他們在陣中不知時間與地點,甚至連腳下感覺都分毫未察覺出差異,竟就這樣出來了?

眾人一時間只覺神奇。

老三躬身衝眾人抱拳,“諸位爺,此處已經不是風冥澗分舵範圍,少尊主片刻就會出來,小人先行告辭。”

老三轉了身子,迅速衝一旁閃退,只片刻功夫,便隱沒在黑暗中,沒有了蹤影。

彥霖看著只覺得神奇,“老三是變戲法的麼?”

“彥莊主,依蘭山莊素來以兵器聞名,對奇門玄幻之術無甚瞭解,莫要被老三騙了,我看多半是那小鬼設了旁的陣法,或是老三重新回到了黑水陣中。”

君非白聞言給彥霖解惑,話音未落,清越的聲音從不遠處響起,“君非白,我們老三本來就會變戲法,不然改天我讓他來變一個給你看看!”

“你就這麼喜歡跟人頂嘴啊!”

君非白笑著轉了身,抬頭看著衝他面前掠過的唐淼,帶她站定在他的跟前,他只無奈的搖了搖頭。

“搖什麼頭,小爺我說的是事實,剛才彥霖問的問題,答案是肯定的好麼!”

單看問題,不看前提的話,確實是對的。

“就算老三不會戲法,我看你為了好玩,八成也會讓他去學,幼稚鬼!”君非白伸手彈了彈唐淼的額頭。

“哼!”傲嬌的扭過頭去,她完全沒有否認。

“唐少爺,你怎麼不是從陣法中出來的?”彥霖橫插進唐淼和君非白的中間,十分好奇的看著他。

“噗哈哈哈,彥莊主,你是不是除了研究武器外,其他方面都是個白痴,哈哈哈!”

唐淼一瞬間忍不住轉身趴在姬若離的身上笑了起來,彥霖一頭霧水的看著唐淼,難道他說錯什麼了麼?

剛才流星姑娘吩咐老三送他們出來,難道不是因為出來的路只有一條,怕他們找不到或是認錯麼?

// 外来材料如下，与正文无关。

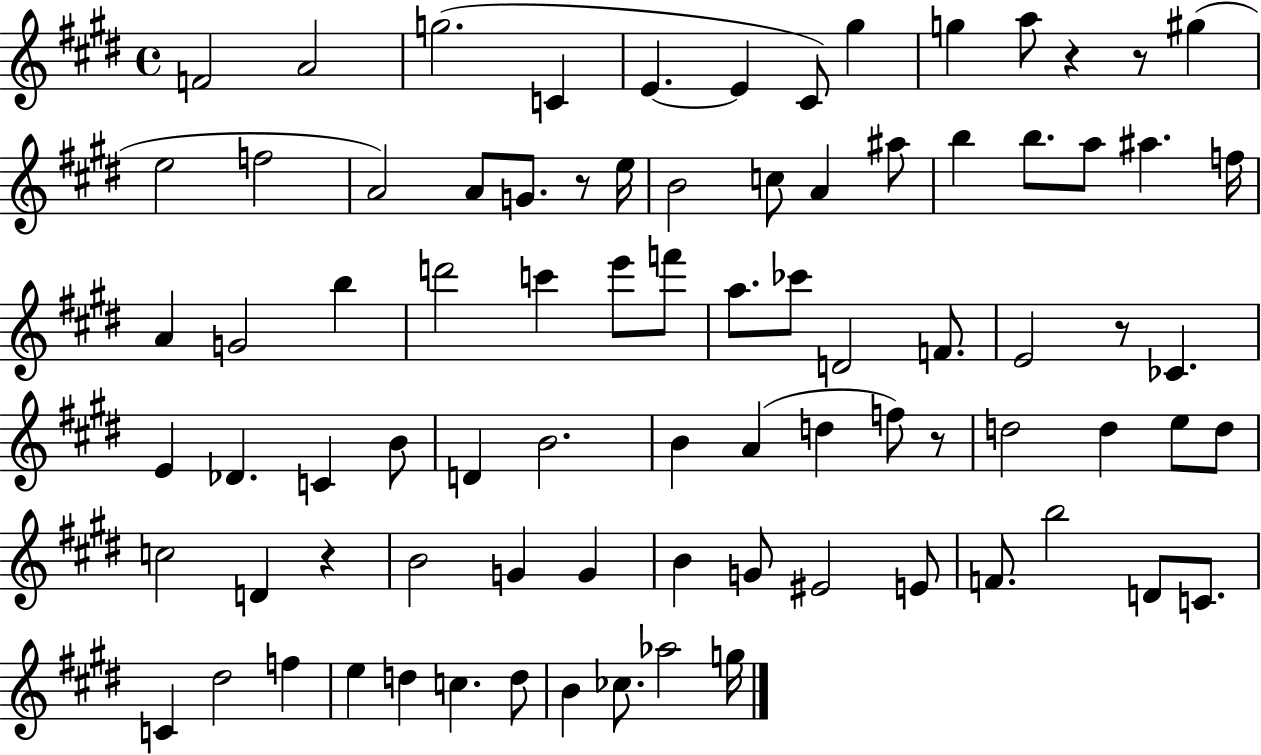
{
  \clef treble
  \time 4/4
  \defaultTimeSignature
  \key e \major
  \repeat volta 2 { f'2 a'2 | g''2.( c'4 | e'4.~~ e'4 cis'8) gis''4 | g''4 a''8 r4 r8 gis''4( | \break e''2 f''2 | a'2) a'8 g'8. r8 e''16 | b'2 c''8 a'4 ais''8 | b''4 b''8. a''8 ais''4. f''16 | \break a'4 g'2 b''4 | d'''2 c'''4 e'''8 f'''8 | a''8. ces'''8 d'2 f'8. | e'2 r8 ces'4. | \break e'4 des'4. c'4 b'8 | d'4 b'2. | b'4 a'4( d''4 f''8) r8 | d''2 d''4 e''8 d''8 | \break c''2 d'4 r4 | b'2 g'4 g'4 | b'4 g'8 eis'2 e'8 | f'8. b''2 d'8 c'8. | \break c'4 dis''2 f''4 | e''4 d''4 c''4. d''8 | b'4 ces''8. aes''2 g''16 | } \bar "|."
} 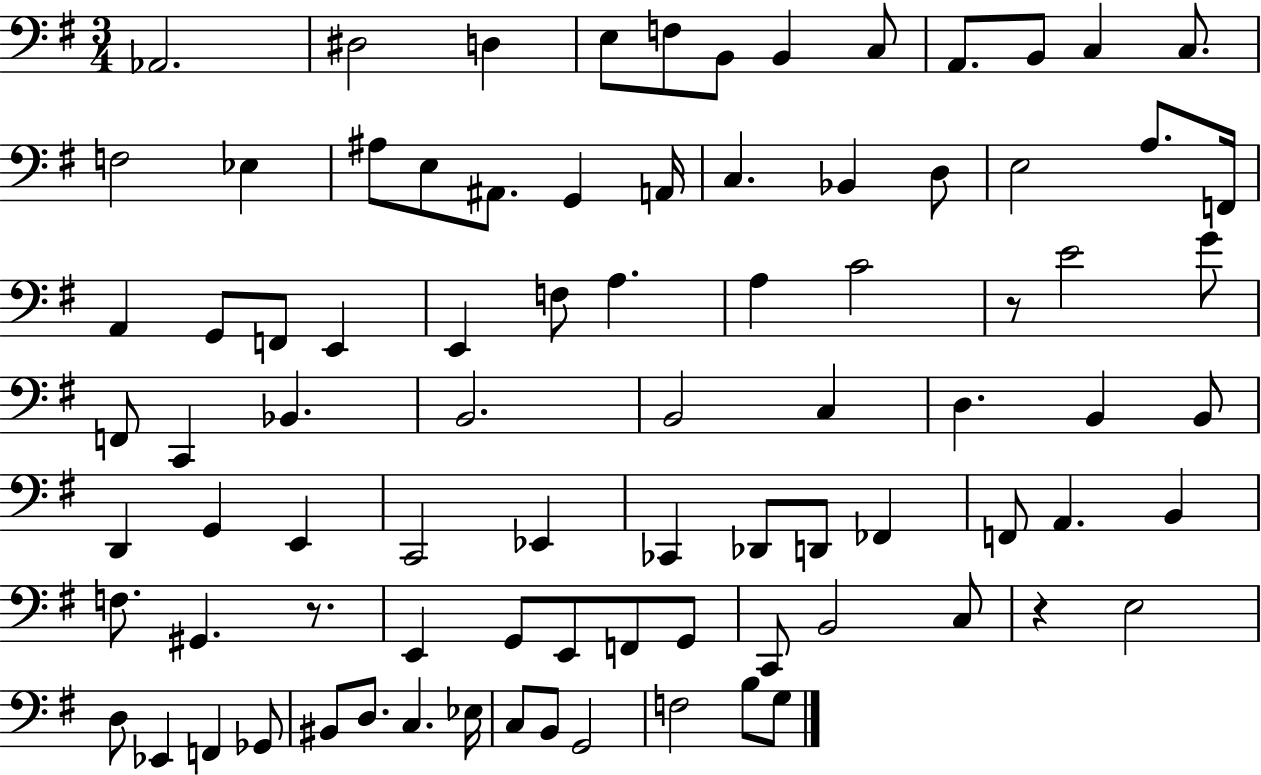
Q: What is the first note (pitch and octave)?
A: Ab2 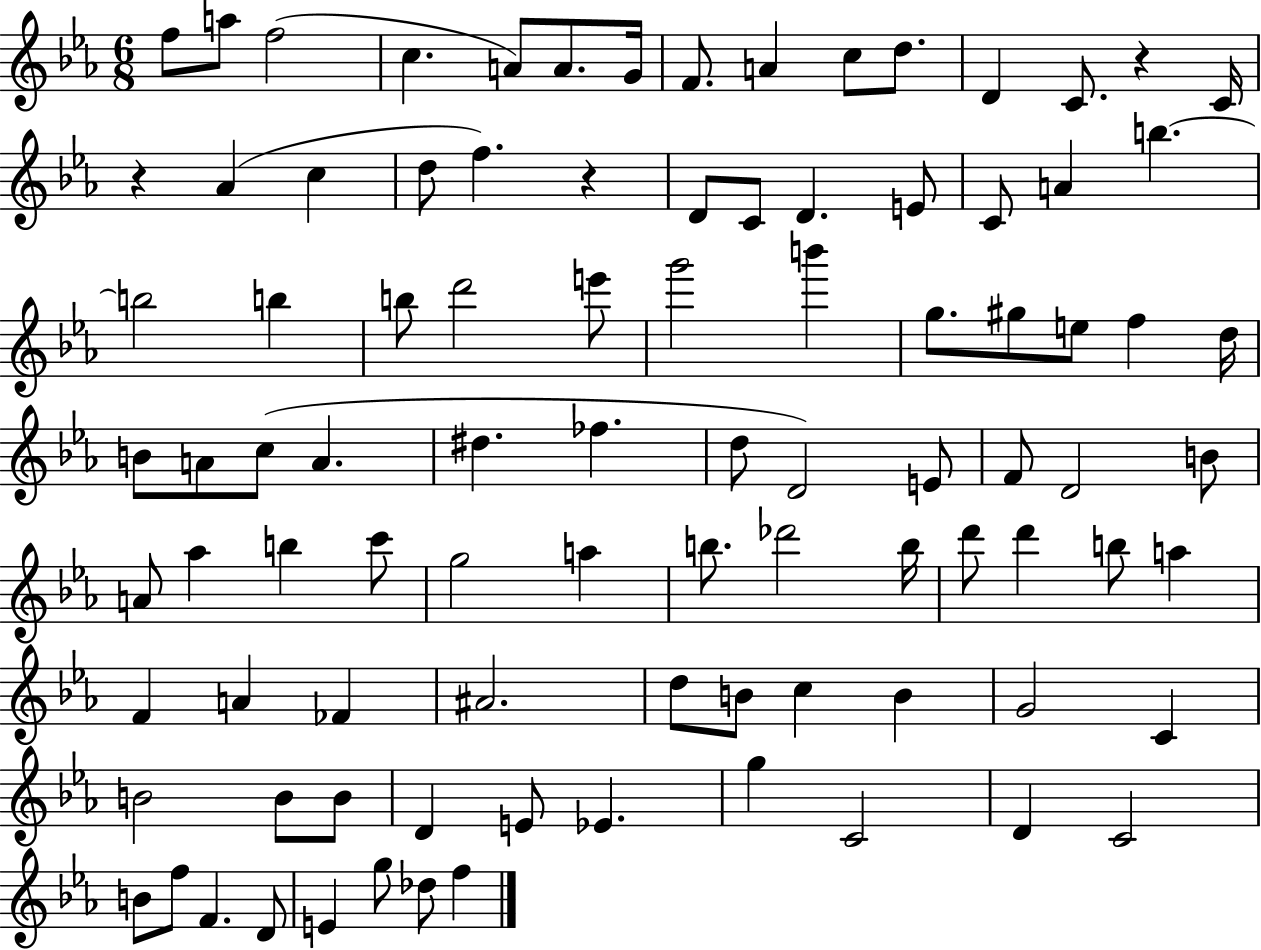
X:1
T:Untitled
M:6/8
L:1/4
K:Eb
f/2 a/2 f2 c A/2 A/2 G/4 F/2 A c/2 d/2 D C/2 z C/4 z _A c d/2 f z D/2 C/2 D E/2 C/2 A b b2 b b/2 d'2 e'/2 g'2 b' g/2 ^g/2 e/2 f d/4 B/2 A/2 c/2 A ^d _f d/2 D2 E/2 F/2 D2 B/2 A/2 _a b c'/2 g2 a b/2 _d'2 b/4 d'/2 d' b/2 a F A _F ^A2 d/2 B/2 c B G2 C B2 B/2 B/2 D E/2 _E g C2 D C2 B/2 f/2 F D/2 E g/2 _d/2 f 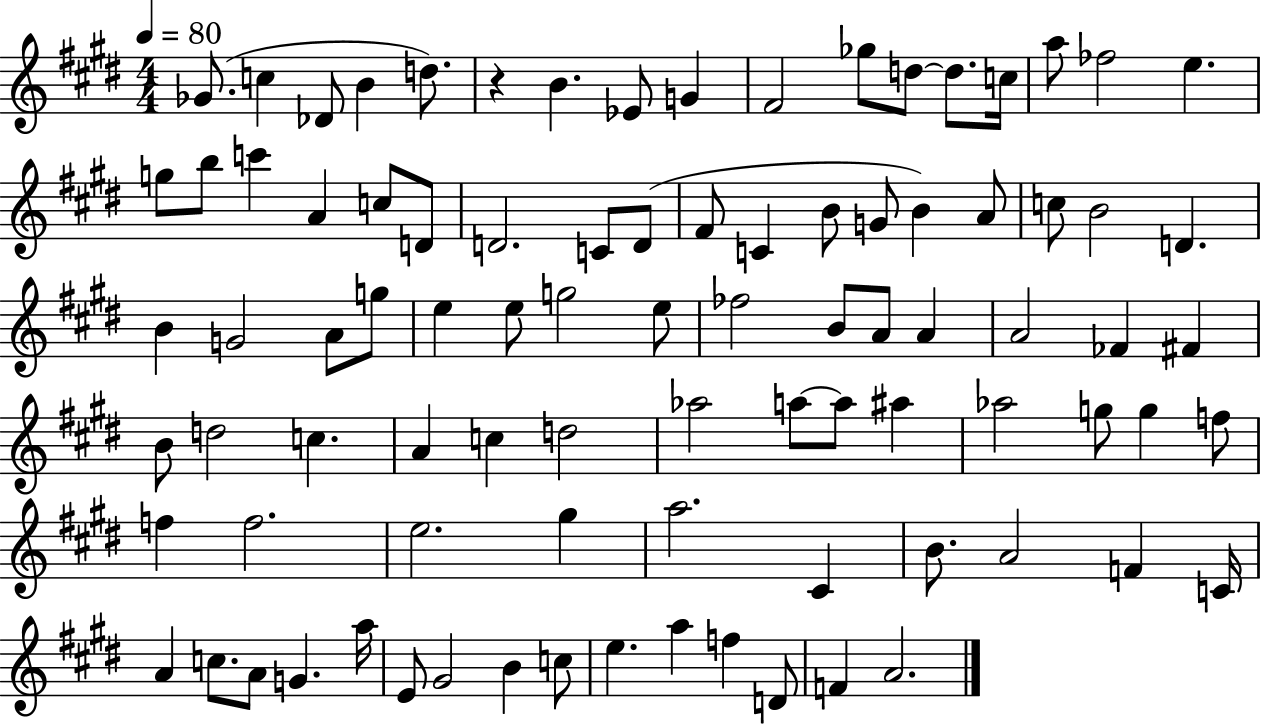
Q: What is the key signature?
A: E major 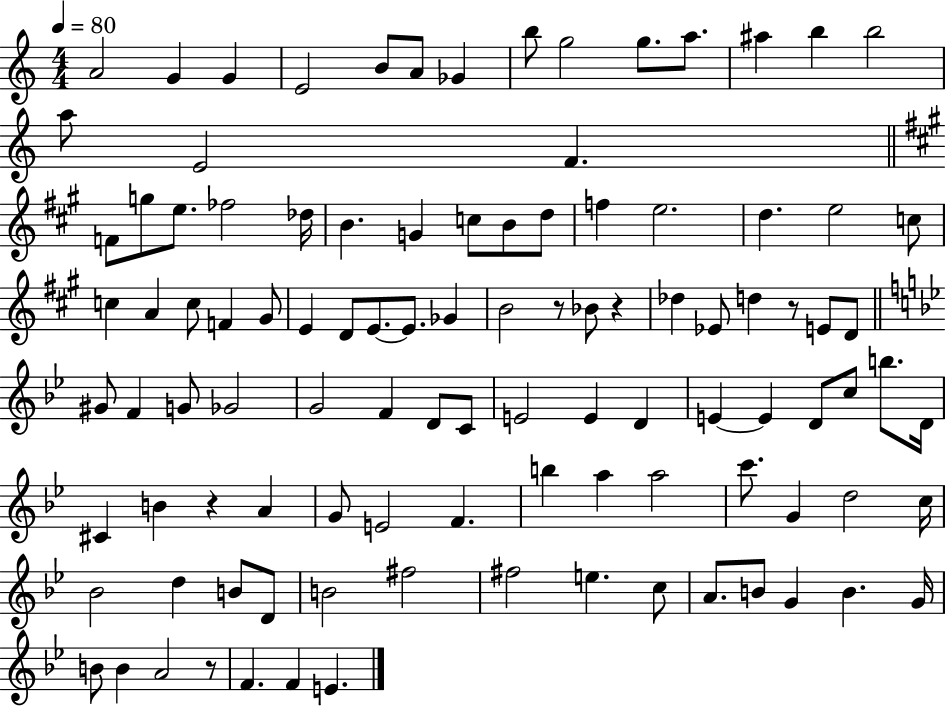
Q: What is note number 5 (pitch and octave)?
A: B4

“彥莊主,你覺得你跟唐少有這麼熟麼?”靳方言眨了眨眼,給面子的沒有笑出聲來,“風冥澗的總舵,怎麼可能來去的路都完完全全的告訴你,讓你摸個全?”

靳方言笑著錯開了彥霖的身子上了馬車,看不出彥莊主還挺天真的麼!

“流星姑娘疑心重,除此之外麼,旁人我是不知,但今天彥莊主在,我們自然得繞著路出來,可唐淼麼,彥莊主忘了這是人家的地盤了麼?”

君非白同樣一笑,緊跟著靳方言一前一後上了馬車。

呃……

彥霖愣了一會兒,終於反應過來,人家是在說跟他不熟呢,彥霖抬頭看了看唐淼,她依舊拍在姬若離的肩膀上低低的笑。

他剛下到底是問了什麼愚蠢的問題啊,真是想找個地洞給轉進去算了。

他轉了身便瞧見靳方言一手卷著簾子,笑眯眯的看著自己,其實,他們現在心裡都在笑他剛才問出來的問題吧,只是他們表現的比唐淼更加含蓄一些。

靳方言見他不上來,開口道,“彥莊主,還不上來麼,這裡離上京城還是有些距離的,而且,在人家家門口打轉,流星姑娘的疑心病可不輕啊,當心她拉了你去逼供。”

靳方言微微抬了抬眉梢,眼中頑劣的神采讓彥霖覺得似曾相識,他肯定,靳方言這一定是故意的!

彥霖看了看他,此處離上京城確實偏遠,他又沒有半點武藝在身,僅憑跟在暗處的兩名手下,想要徒步回到上京城,確實吃力,他心裡想了想,抿了抿唇,上了靳方言的馬車。

唐淼和姬若離緊跟著上了馬車,和君非白擠在了一起,只是唐淼依舊託著腮幫子,一雙眼睛直勾勾的盯著君非白看。

“小鬼,你那個眼神是怎麼回事兒,我可是有主的人。”君非白笑眯眯的看著唐淼,忍不住伸手去逗她。

他手指剛剛探到唐淼的跟前,還沒有下一步的動作,姬若離的手已經橫在了他的手肘下,阻擋了他的動作。

君非白唇角一樣,反手一折,從姬若離的手下穿過,姬若離迅速反手一握、一推,兩人同時抬手,在空中過了數十招之後,僵持在半空。

“君上,你該不會想讓家姐知道你人在唐小七這兒吧。”姬若離挑了唇補充道,“我猜柔兒應該也在吧。”

君非白目光自然的轉向唐淼,她迅速的轉身,手指對著車廂畫圈,她什麼都沒說,但今天把他喊來,算是不打自招,她本來還想著讓姬若離不要說來著,誰知道他們鬧了這一出?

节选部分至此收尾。